L'auteur est un reporter polonais dont l'acuité et la pertinence des propos ont fait sa marque. Il veut dans ce livre nous faire partager sa démarche pour voir et comprendre l'Imperium russe, dont il a autant souffert que des nazis. Ses observations valent aussi bien aujourd'hui pour ce qui reste de l'empire éclaté qu'elles nous ouvraient les yeux lorsqu'il écrivit son livre, pour l'essentiel entre 1989 et 1991. Il ne s'est pas contenté d'analyser les informations existantes. Il a traversé la Russie et la Sibérie pour sa documentation dans des conditions dures. Ce qu'il recueille ainsi et les observations qu'il en tire sont sans doute un des meilleurs coups de projecteur que j'ai lus sur cet immense pays.
Les descriptions sont structurées comme un reportage : des faits s'alignent, des personnages s'expriment, des constatations sont présentées, mais jamais l'auteur ne juge ou n'énonce des principes. La réalité suffit à laisser peu à peu émerger la nature intime du soviétisme, mais aussi de la Russie, toujours à la recherche d'un idéal transcendant (Dieu, Nation, Prolétaire, etc.) qui justifie ses actes, mais aussi le mépris de l'homme constaté dans la mise en œuvre de ces grands projets. Peu de dictateurs ont autant martyrisé leur peuple (famine organisée en Ukraine, déportations de minorités, internement sans cause en Sibérie, etc.) et ont, en fin de compte obtenu aussi peu de résultats. N'oublions jamais que dans notre univers, où la puissance d'un pays repose beaucoup sur son économie, le PIB russe est inférieur à celui de l'Italie !

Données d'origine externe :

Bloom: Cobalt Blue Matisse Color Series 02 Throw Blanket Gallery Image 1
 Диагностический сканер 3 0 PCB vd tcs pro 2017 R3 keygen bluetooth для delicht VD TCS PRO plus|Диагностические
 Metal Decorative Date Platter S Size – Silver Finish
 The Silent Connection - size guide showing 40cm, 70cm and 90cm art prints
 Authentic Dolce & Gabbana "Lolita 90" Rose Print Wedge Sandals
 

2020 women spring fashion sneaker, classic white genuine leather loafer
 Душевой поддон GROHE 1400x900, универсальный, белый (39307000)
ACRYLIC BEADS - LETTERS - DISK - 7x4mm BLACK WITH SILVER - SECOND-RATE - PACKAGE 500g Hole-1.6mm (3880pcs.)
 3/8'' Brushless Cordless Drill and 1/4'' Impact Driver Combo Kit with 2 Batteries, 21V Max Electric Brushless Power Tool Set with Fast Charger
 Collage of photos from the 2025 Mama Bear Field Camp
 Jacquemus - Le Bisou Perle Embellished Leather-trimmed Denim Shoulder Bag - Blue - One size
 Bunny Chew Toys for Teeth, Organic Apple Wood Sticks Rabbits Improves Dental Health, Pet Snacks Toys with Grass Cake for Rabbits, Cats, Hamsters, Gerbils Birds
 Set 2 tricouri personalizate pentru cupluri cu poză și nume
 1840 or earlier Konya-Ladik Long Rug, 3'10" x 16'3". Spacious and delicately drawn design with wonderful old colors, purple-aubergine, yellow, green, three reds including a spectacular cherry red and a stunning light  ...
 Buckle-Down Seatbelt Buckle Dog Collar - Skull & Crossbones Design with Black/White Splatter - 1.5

Outre ce réquisitoire circonstancié, le livre vaut par les réflexions qu’inspirent à l'auteur les faits constatés. Le livre en pullule. En voici deux exemples pour l'illustrer. D'abord une note sur l’Abkhazie (page 134), magnifique territoire riverain de la mer Noire qui s'est détaché récemment de la Géorgie, aidé par la Russie. L'auteur s'interroge alors sur les processus qui ont, lors de l'effondrement du soviétisme, conduit à ces révolutions pour l'indépendance et montre combien l'absence d'institutions, toutes systématiquement détruites par le communisme, est la voie la plus naturelle au recours à la force. N'est-ce pas encore la faiblesse de la Russie ? Une seconde note (page 66) porte sur la montée des nationalismes. Quand l'expansionnisme devient impossible, comme c'est aujourd'hui le cas, la compensation naturelle devient une plongée des peuples dans leur histoire pour affirmer leur grandeur et leur force. Et ceci fut écrit en 1993...
Ce livre, historiquement marqué est néanmoins actuel par son intelligence de situations toujours vivantes dans notre monde contemporain. Il est à la fois un rappel de crimes moins célébrés que ceux de la Shoah et que l'on pourrait sous-estimer. Mais il est surtout un recueil de réflexions sur les conditions de leur avènement aussi pertinentes aujourd'hui qu'hier. Un remarquable essai politique autant qu'un livre d'histoire.